━━ RECORDS SHOWN ━━

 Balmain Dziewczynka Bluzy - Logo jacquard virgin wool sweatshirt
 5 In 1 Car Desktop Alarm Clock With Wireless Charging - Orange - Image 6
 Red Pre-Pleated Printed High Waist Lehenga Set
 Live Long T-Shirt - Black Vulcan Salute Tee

━━━
━━ RECORDS SHOWN ━━

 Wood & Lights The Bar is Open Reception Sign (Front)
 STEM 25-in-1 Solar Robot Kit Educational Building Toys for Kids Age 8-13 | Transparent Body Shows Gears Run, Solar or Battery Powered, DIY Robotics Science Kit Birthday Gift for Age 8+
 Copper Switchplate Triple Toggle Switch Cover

━━━

» TASK STATEMENT
Using the entries above, give back exactly the line containing "5 In 1 Car Desktop", the line containing "Live Long T-Shirt - Black Vulcan Salute Tee", and every line between them, and nothing else.

» SOLUTION TO THIS PROBLEM
 5 In 1 Car Desktop Alarm Clock With Wireless Charging - Orange - Image 6
 Red Pre-Pleated Printed High Waist Lehenga Set
 Live Long T-Shirt - Black Vulcan Salute Tee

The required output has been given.